Deadly Cobra Found Underneath Towel Outside Couple's Bathroom

Imagine lifting a towel outside your bathroom door, only to find the deadliest cobra in Africa curled up underneath. That is exactly what snake catcher Steve Meighan, of Deep South Reptile Rescue, saw when he was called out to a residence in Simon's Town, South Africa.

"The snake was laying on the cool floor and didn't get upset about me," Meighan told Newsweek. "It's important to stay calm and use slow, deliberate movements with a snake. They will react to how you react to them so if I panic, the snake will panic."

Cape cobra in front hall
Photo of the Cape cobra in the front hall before it slithered underneath the bathroom door. Deep South Reptile Rescue/Facebook

The snake had entered the house by slithering under the front door and was in the hallway when the homeowner first saw it. To escape, the snake made a beeline for the bathroom door.

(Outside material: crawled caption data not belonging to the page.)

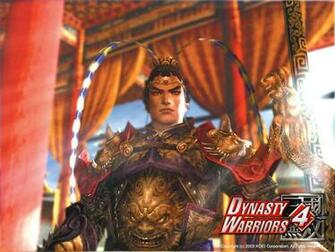 Warriors A Site For Koei Information Community Every Warrior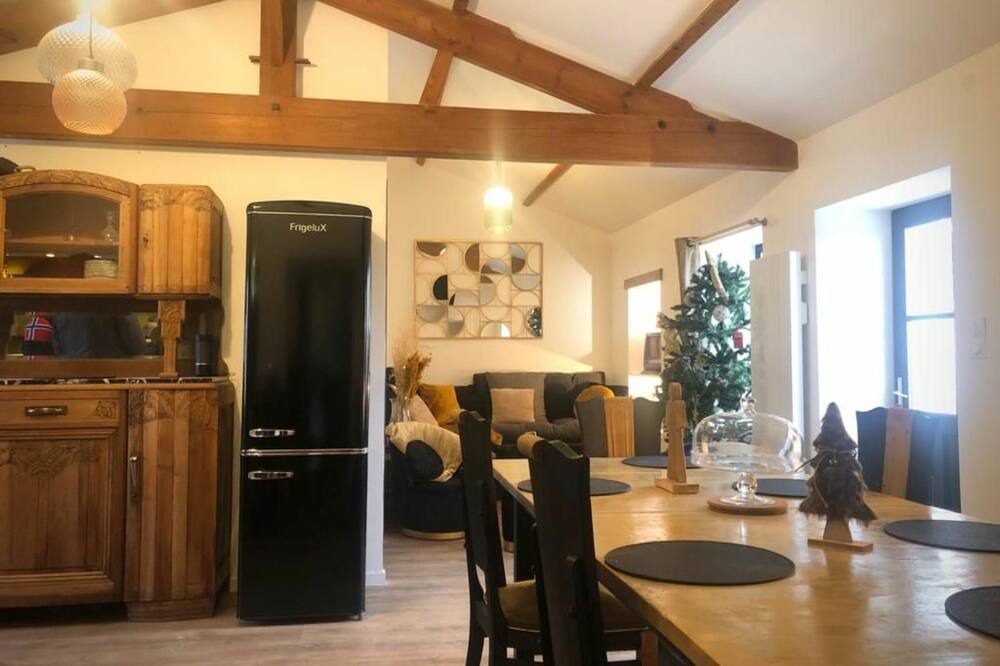Photo of Kitchen in Sallertaine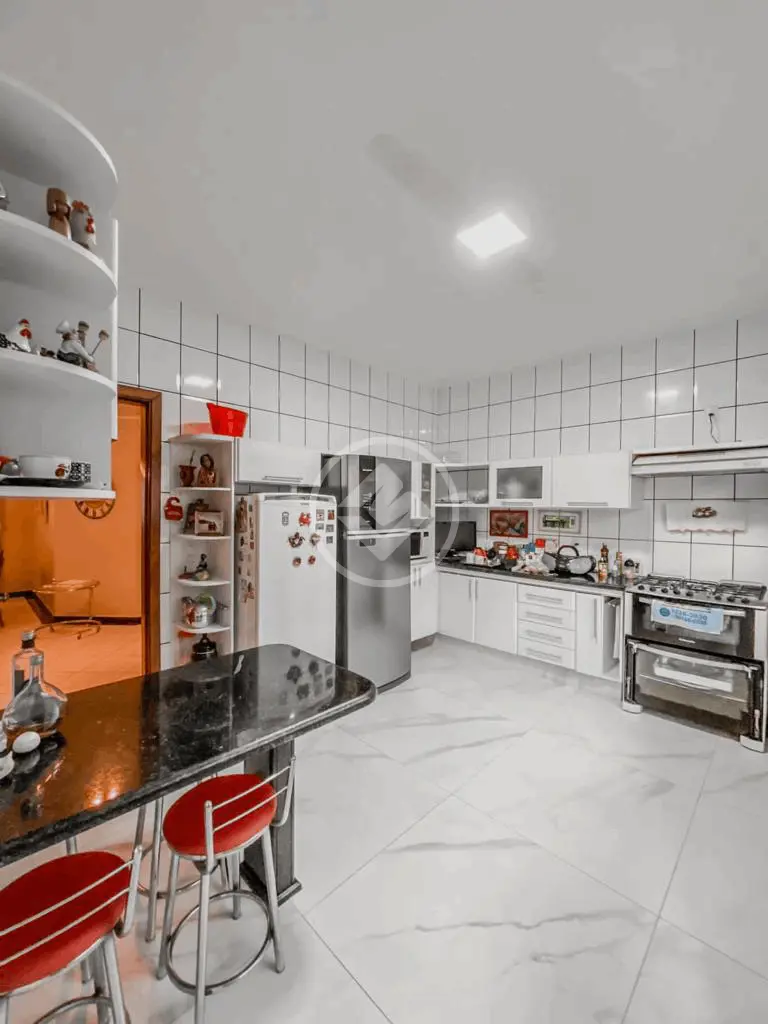 Imagem 6 - Casa em Morada da Colina, Uberlândia - MG
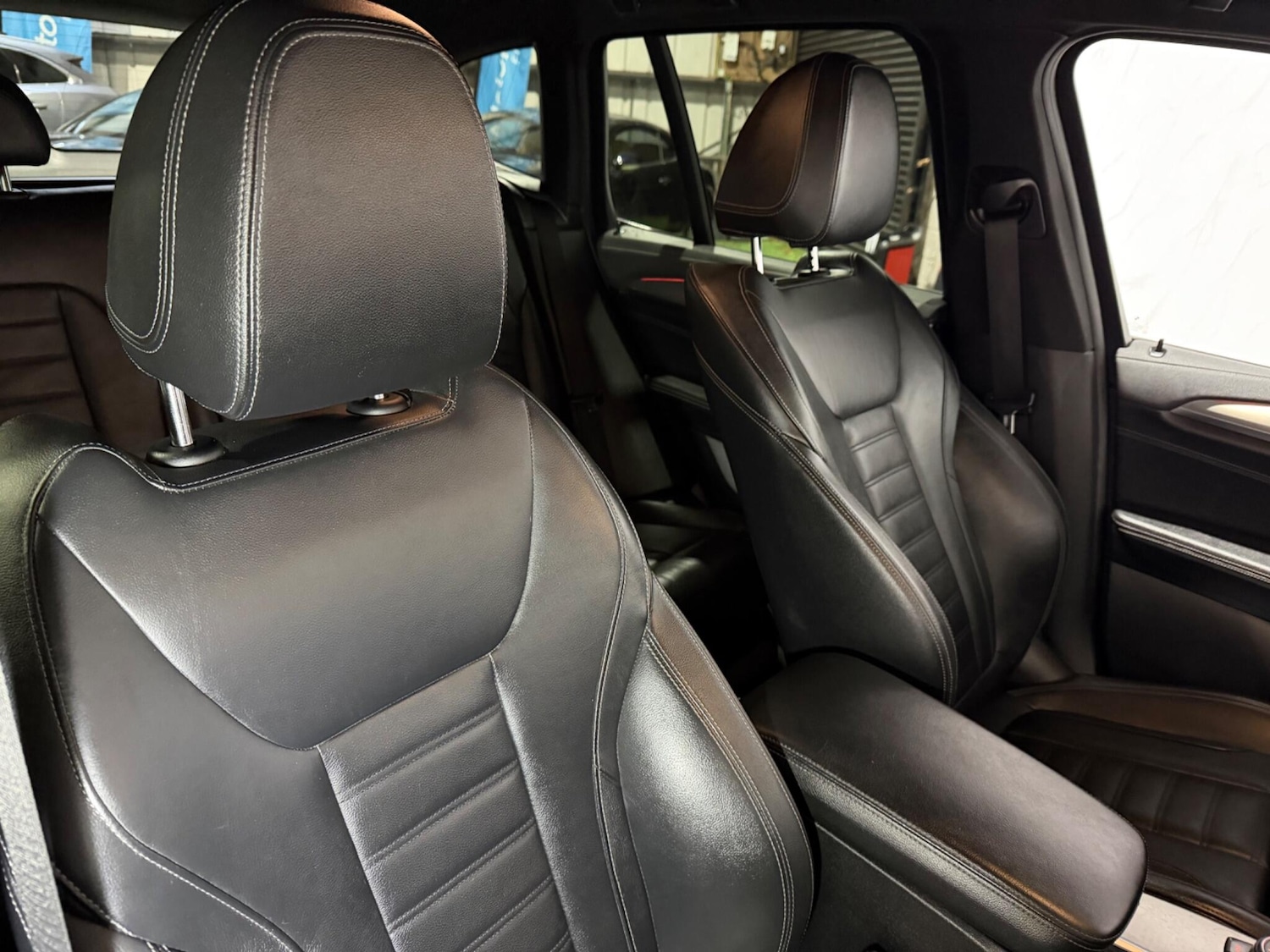 Used BMW X3 for sale - 77587354: Photo 12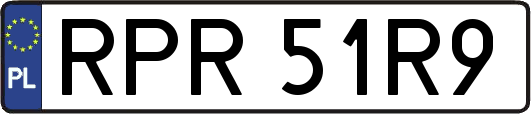 RPR51R9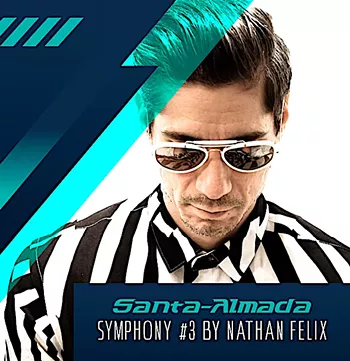 Image: KMFA Offbeat Series: Nathan Felix Symphony No. 3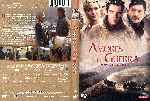 carátula dvd de Amores De Guerra - Region 4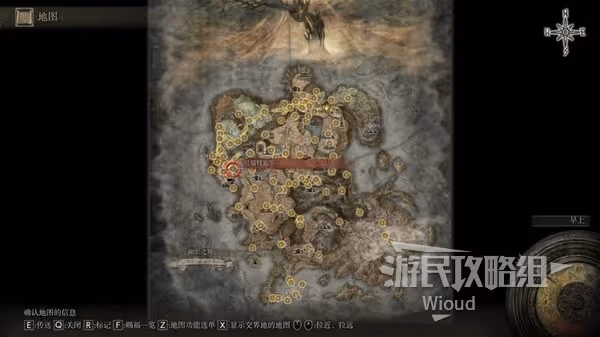 《艾爾登法環》DLC全骨灰收集圖文攻略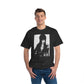 Vintage-Inspired Graphic T-Shirt - Elvira Design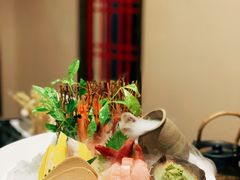 -天狗山料理(省体店)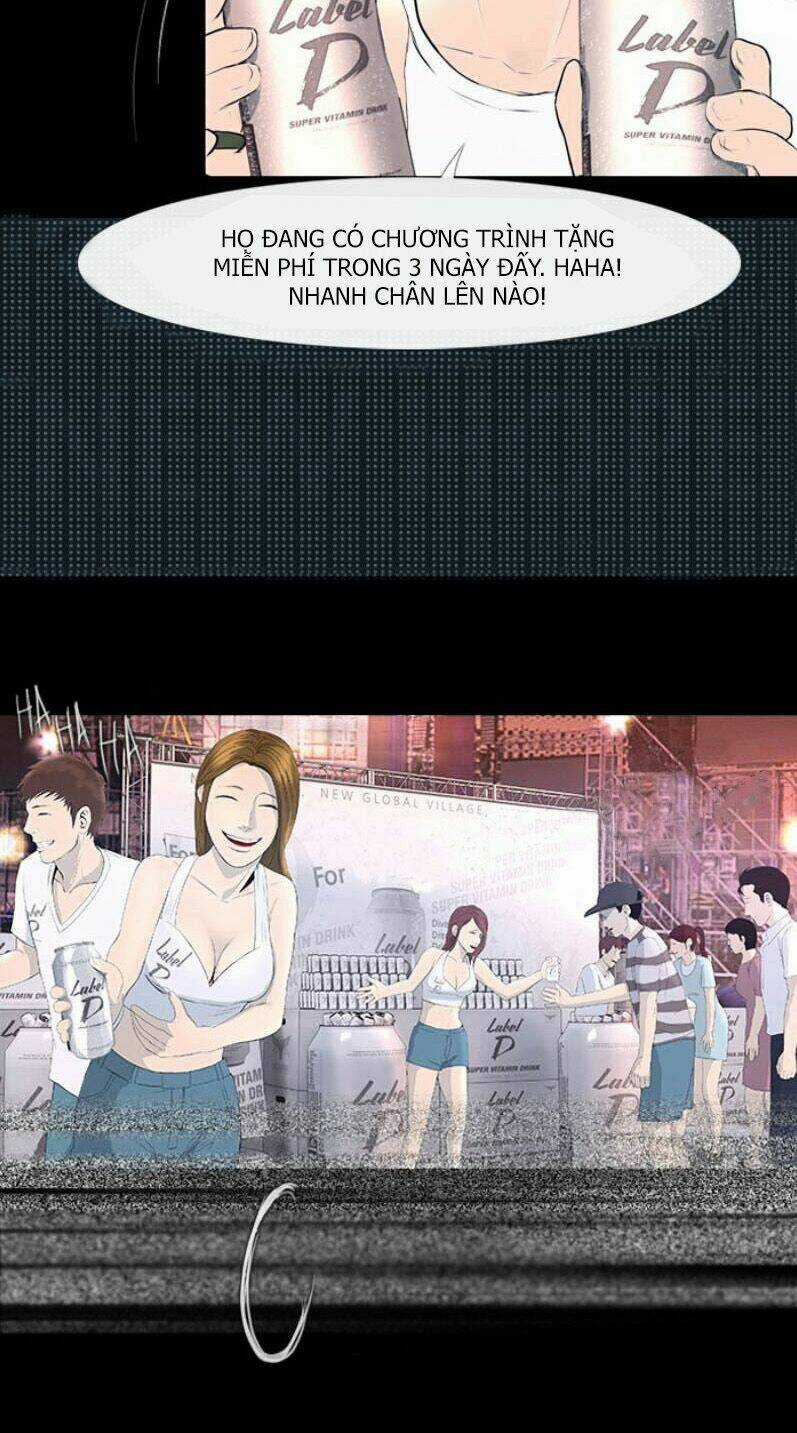 Dead Days Chapter 56 trang 25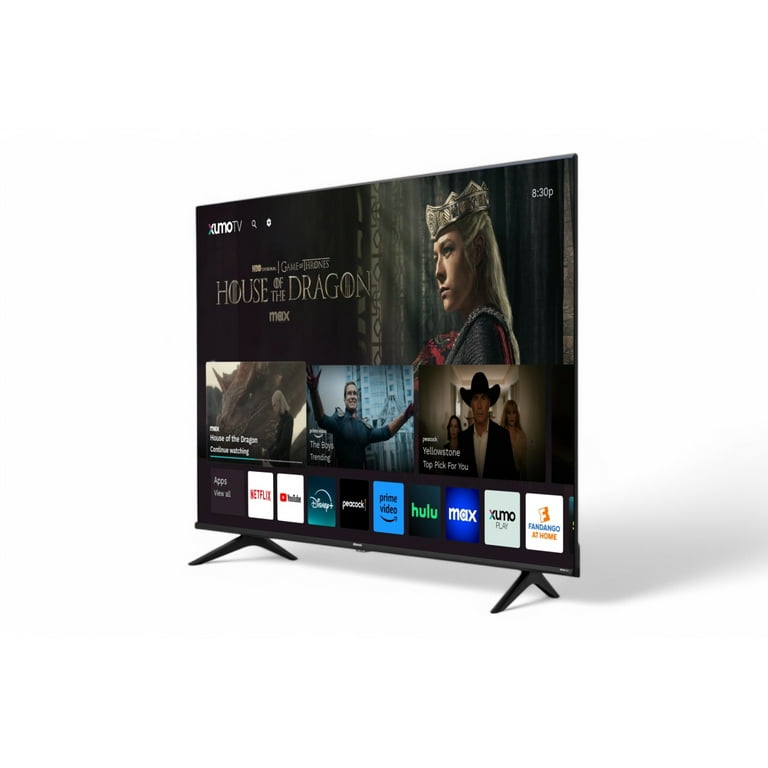 Pre-Owned Hisense 65
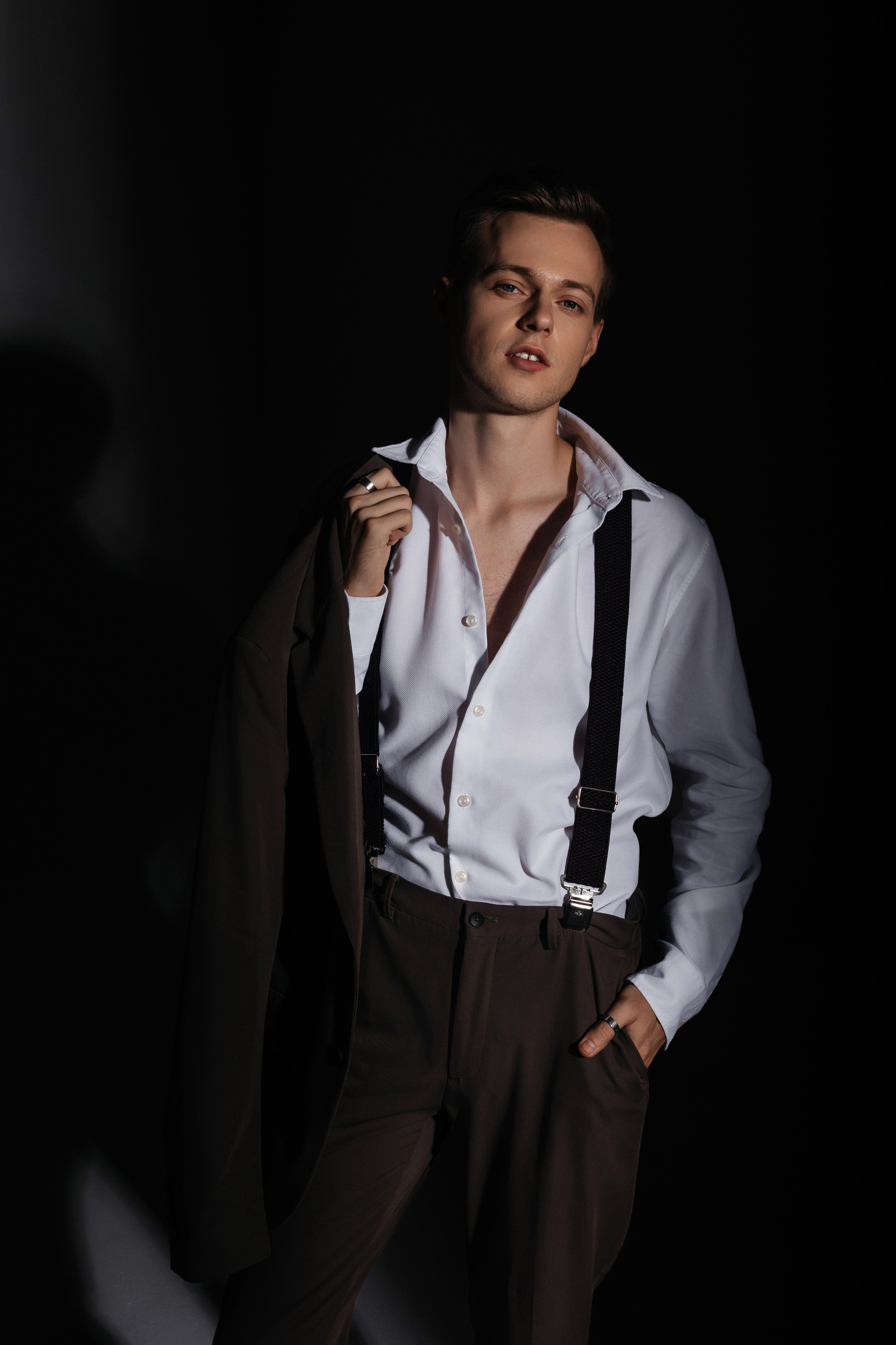 Константин Тищенко. Фотограф Наталия Федосова, г. Москва. TG и Instagram @nataliya_raw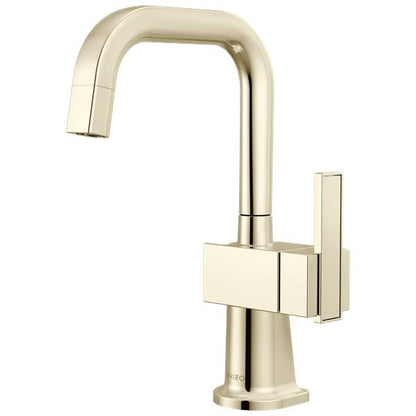 Brizo - Frank Lloyd Wright Beverage Faucet with Square Spout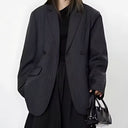 Oversized Blazer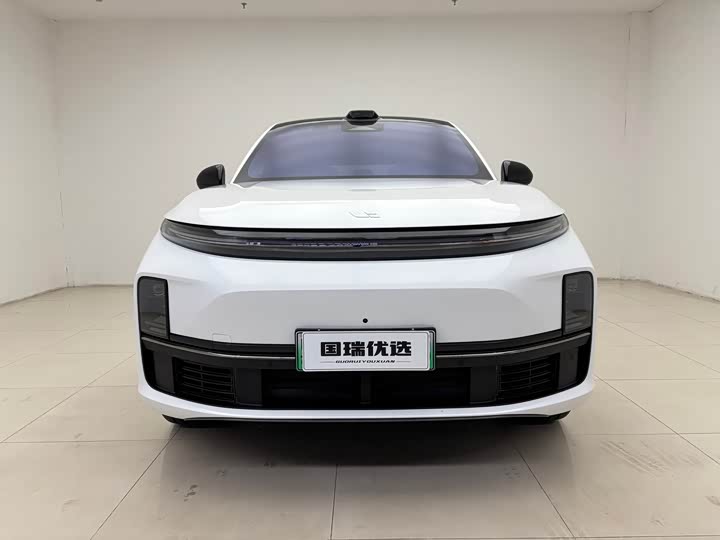 Фото 2 - LiXiang L7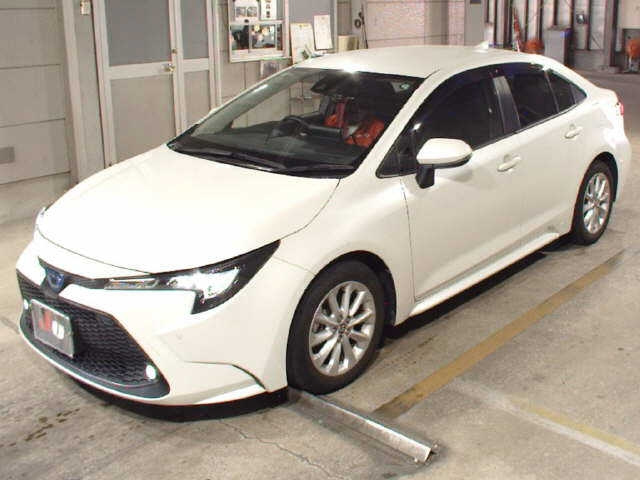 Vehicle Photo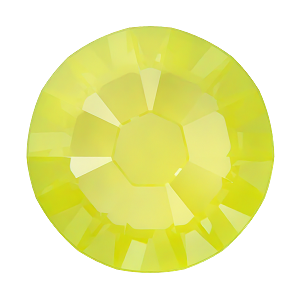 Crystal Electric Yellow Ignite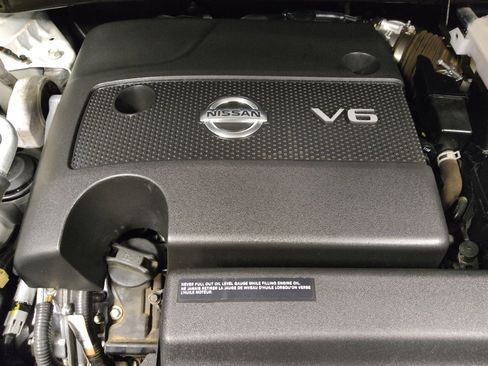 Used 2020 Nissan Murano Platinum FWD image 30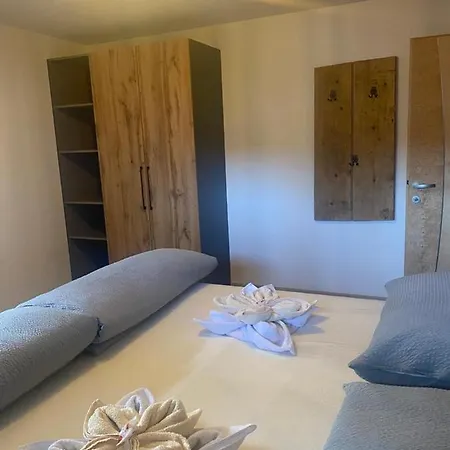 Haus Dilitz-theiner- Brunnenperle Apartment *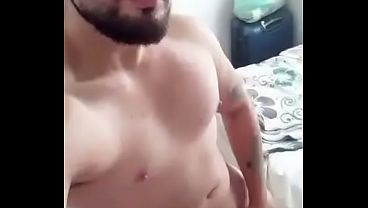A Mi Vecina Le Gusta Ver C&oacute;mo Me La Jalo thumbnail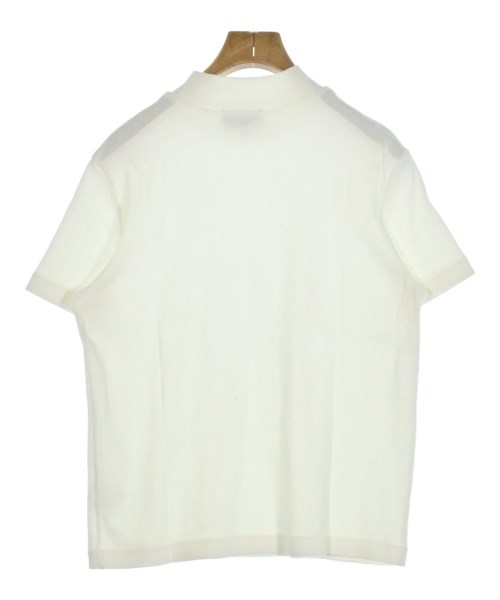 A.P.C.（アーペーセー）Tシャツ・カットソー 白 サイズ:L レディース/2200692263167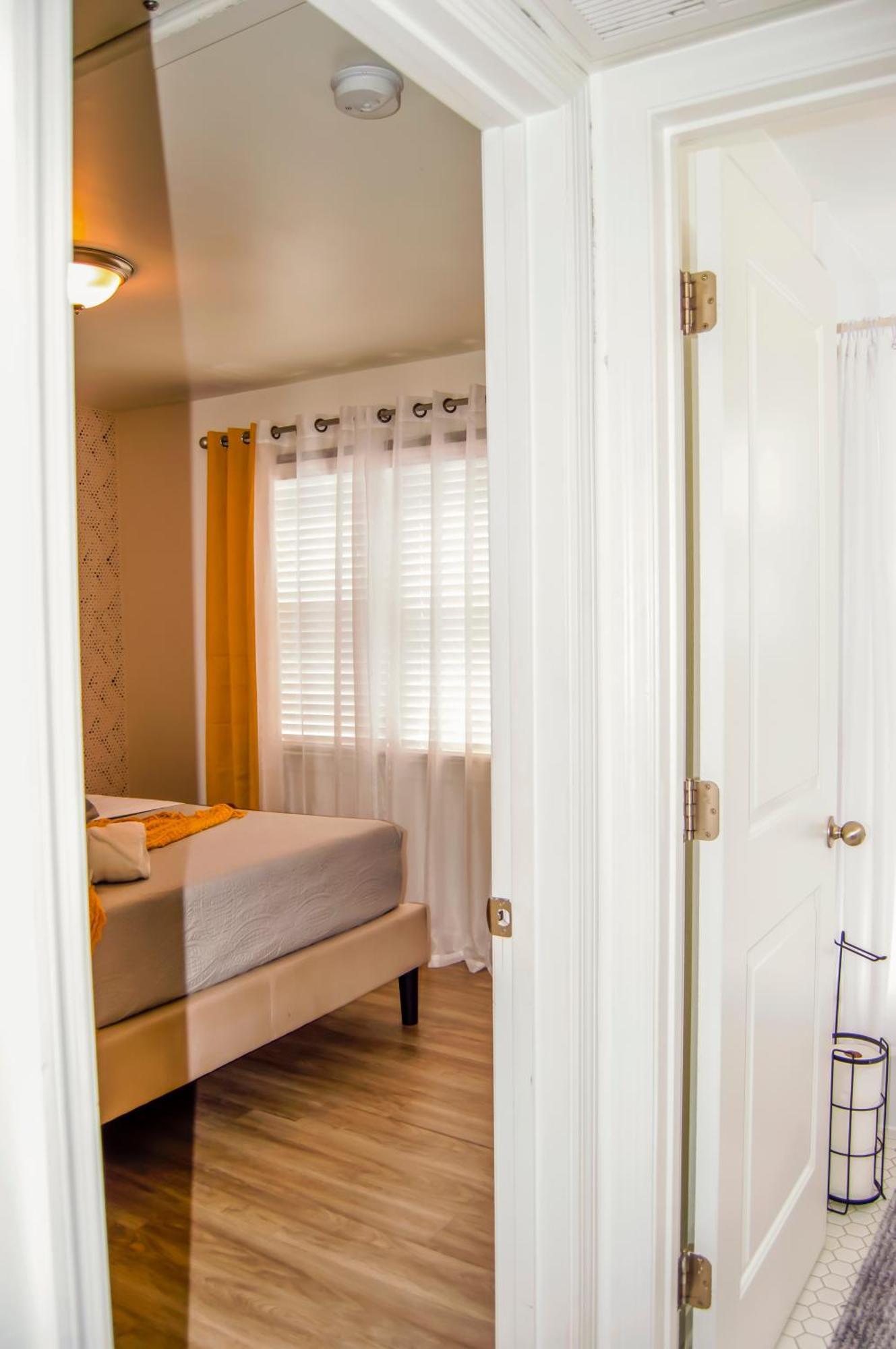 Cozy Condo, Minutes From Broadwy, Sleeps 5 Nashville Eksteriør billede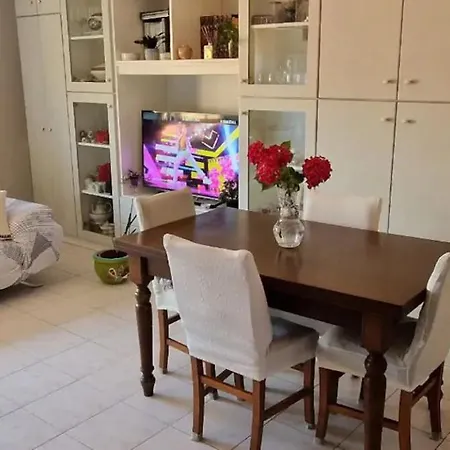 La Casa Di Lu Pisa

"That door was closed but it could see the gap underneath and went for that to get away," Meighan said. "The gent knew what to do from following my page: he got a heavy towel and put it along the bottom of the door so the snake couldn't come back out and quickly called me.

"I lifted the towel up carefully because it may have been under it. It was indeed under it. I lifted the snake up with my hook and backed out of the passage with it on the hook."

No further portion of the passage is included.